To learn more, I clicked the faux-Deku tree, jumped into the games and spent some time getting to know the people who play them.

This isn't in the game anywhere, btw.

Advertising big and small

Behind that tree lay a world of games driven almost entirely by marketing, filled with sleazy adverts on the one hand and high-budget trailers, blockbuster movie licensing and celebrities on the other. At the center of all this madness is a library of identikit online games fuelled by people forking out hundreds, even thousands, of dollars each month to keep levelling, keep conquering, keep clicking. I’d speak to some of those people, including the big spenders, but first I needed to get a taste of the games for myself.

Depending on which ad I clicked, I was taken through to a sign-up page for either Throne or Vikings, two games by an Israeli developer called Plarium.
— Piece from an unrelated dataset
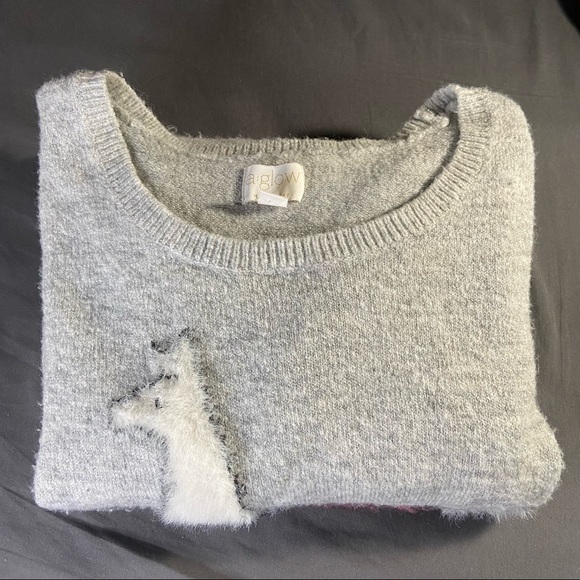 “Mama” llama fuzzy maternity sweater Size XL - Picture 11 of 11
The ad for Vikings (which featured a sexy lady) took me through to a screen depicting another woman in a state of semi-undress. These ads aren’t managed by Plarium themselves, but by partners who seem to get paid on a per-click or per-registration basis. When I asked Plarium about the dubious ads, I was told that "we don’t encourage using them, quite the opposite, if and when we identify banner examples such as the ones you enclosed below, we often ban their use." Seeing as I first stumbled upon these ads months ago and they’re still up at the time of writing, it looks to me that they’re not in too much of a rush. Either way, advertisers are using sex to sell decidedly unsexy games. There is apparently little or no need for the ads to communicate what’s in the actual game they're promoting.
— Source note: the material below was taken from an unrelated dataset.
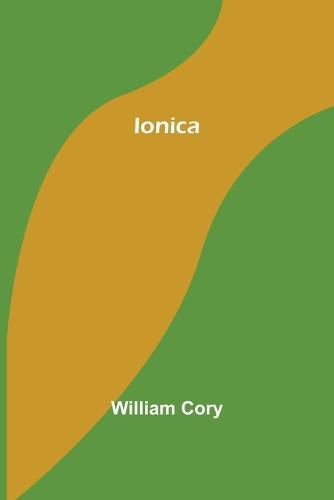 Cover image for Ionica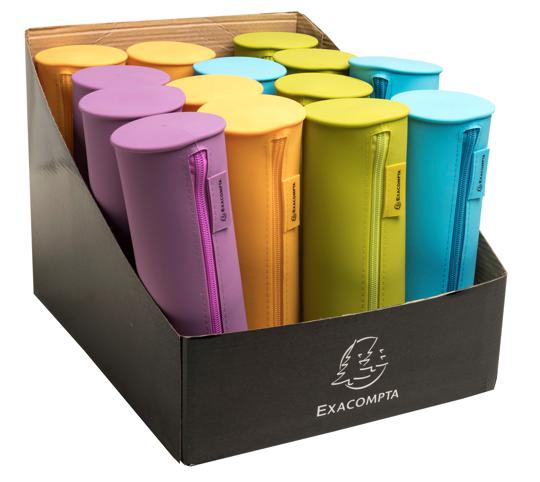 FOURRE-TOUT EN SILICONE - EXACOMPTA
A sultry American voiceover warns me I need to be over 18 to play Vikings, before I get asked questions about my age, whether I can handle sex and nudity, and whether I’m happy to wait until level 10 "before I see explicit content." I haven’t even started playing, and already I feel as sordid as if I’d spent a speed-fuelled weekend in Magaluf.

A viking, yesterday.

So that’s one side of the advertising for these games. The other is a glossy marketing campaign that a triple-A publisher would tip its hat to. Megan Fox, best known for Transformers, was the face of Plarium’s 2016 game Stormfall (sort of like Vikings and Throne, but with dragons and magic). Throne, meanwhile, nabbed sports stars Fernando Torres, Anderson Silva, Alexander Ovechkin and Tony Parker for its campaign.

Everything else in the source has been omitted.